INPUT ::
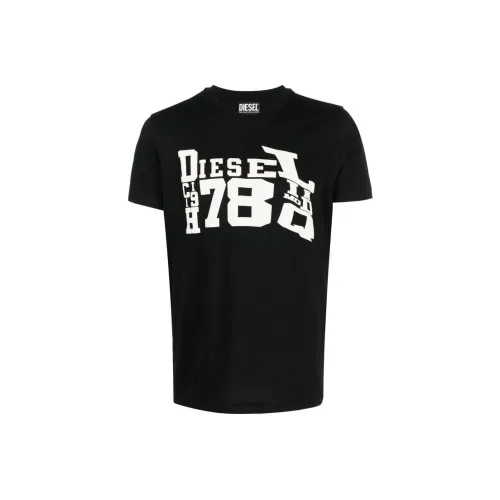 DIESEL Мужские черные T-рубашки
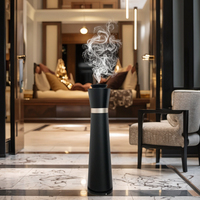 Diffuseur de parfum intelligent pour hôtel de luxe, à deux fluides, avec éclairage LED, capacité de 1000 ml, sans eau, avec télécommande Wi-Fi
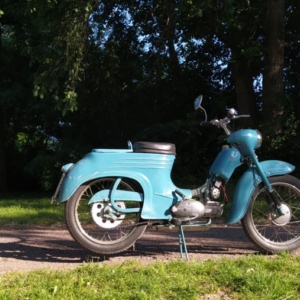 Jawa 50 typ 555 z roku 1959 - Záběh motoru 24 Jawa 50 typ 555 z roku 1959 - Záběh motoru 24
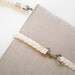 15 inch MacBook or Laptop sleeve with attachable strap -Oatmeal Linen with Braided Strap Closure, Unique Design of BagyBag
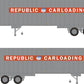Rapido Trains 403031 HO Republic Carloading 40' Exterior-Post Volume Van #S 4032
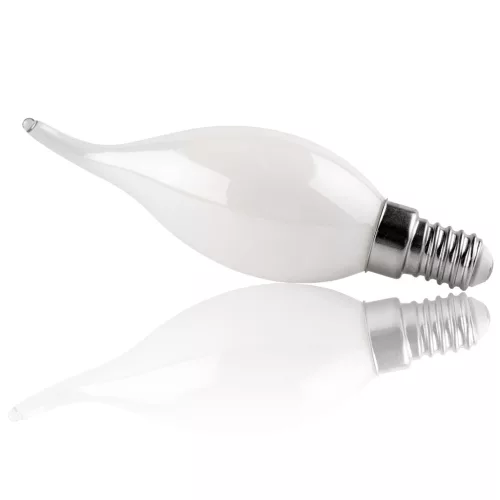 LED izzó E14 gyertya BA35 2.2W 470lm = 40W 4000K semleges 360° izzószálas A osztályú LUMILED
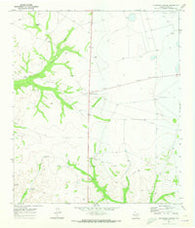 Sevenmile Corner Texas Historical topographic map, 1:24000 scale, 7.5 X 7.5 Minute, Year 1970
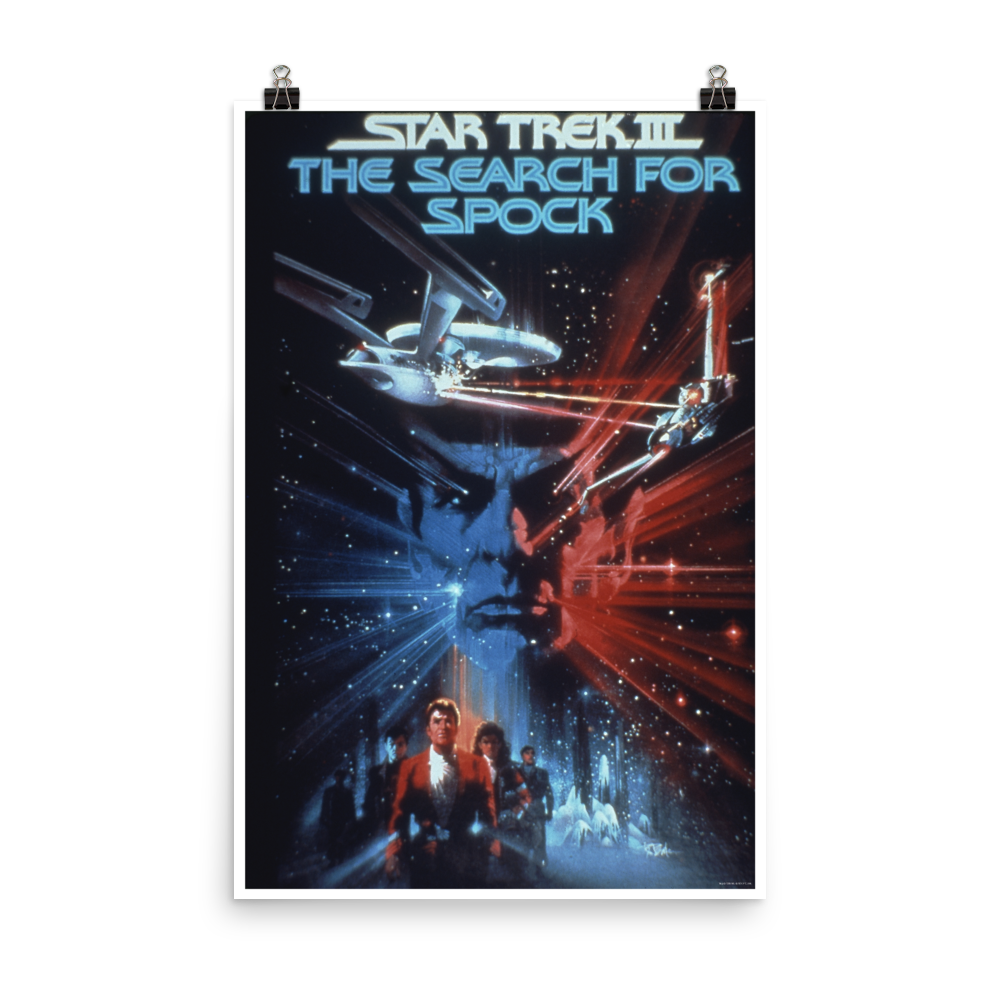 Star Trek III: The Search for Spock LOGO Premium Satin Poster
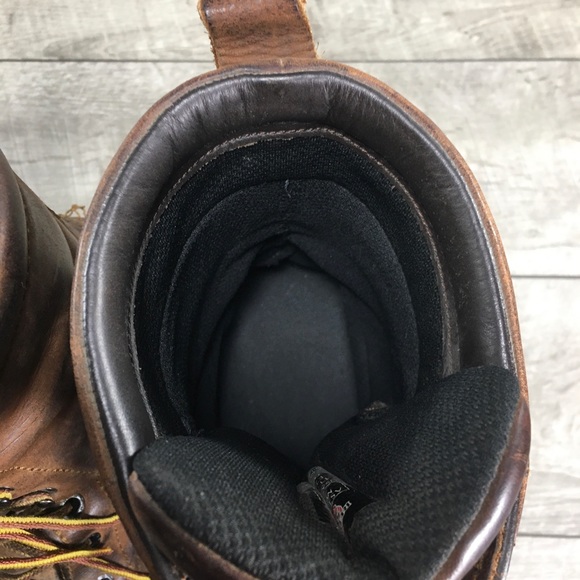 Red Wing Shoes #4420 LoggerMax Steel Toe Waterproof Leather Work Men’s Boots 11 - Picture 9 of 11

PROBLEM :: Copy out all the data above exactly as written. Skip the pictures.

THE COMPLETED TASK ::
 DIESEL Мужские черные T-рубашки
 Diffuseur de parfum intelligent pour hôtel de luxe, à deux fluides, avec éclairage LED, capacité de 1000 ml, sans eau, avec télécommande Wi-Fi
 Jawa 50 typ 555 z roku 1959 - Záběh motoru 24 Jawa 50 typ 555 z roku 1959 - Záběh motoru 24
 15 inch MacBook or Laptop sleeve with attachable strap -Oatmeal Linen with Braided Strap Closure, Unique Design of BagyBag
Rapido Trains 403031 HO Republic Carloading 40' Exterior-Post Volume Van #S 4032
 LED izzó E14 gyertya BA35 2.2W 470lm = 40W 4000K semleges 360° izzószálas A osztályú LUMILED
 Sevenmile Corner Texas Historical topographic map, 1:24000 scale, 7.5 X 7.5 Minute, Year 1970
 Star Trek III: The Search for Spock LOGO Premium Satin Poster
 Red Wing Shoes #4420 LoggerMax Steel Toe Waterproof Leather Work Men’s Boots 11 - Picture 9 of 11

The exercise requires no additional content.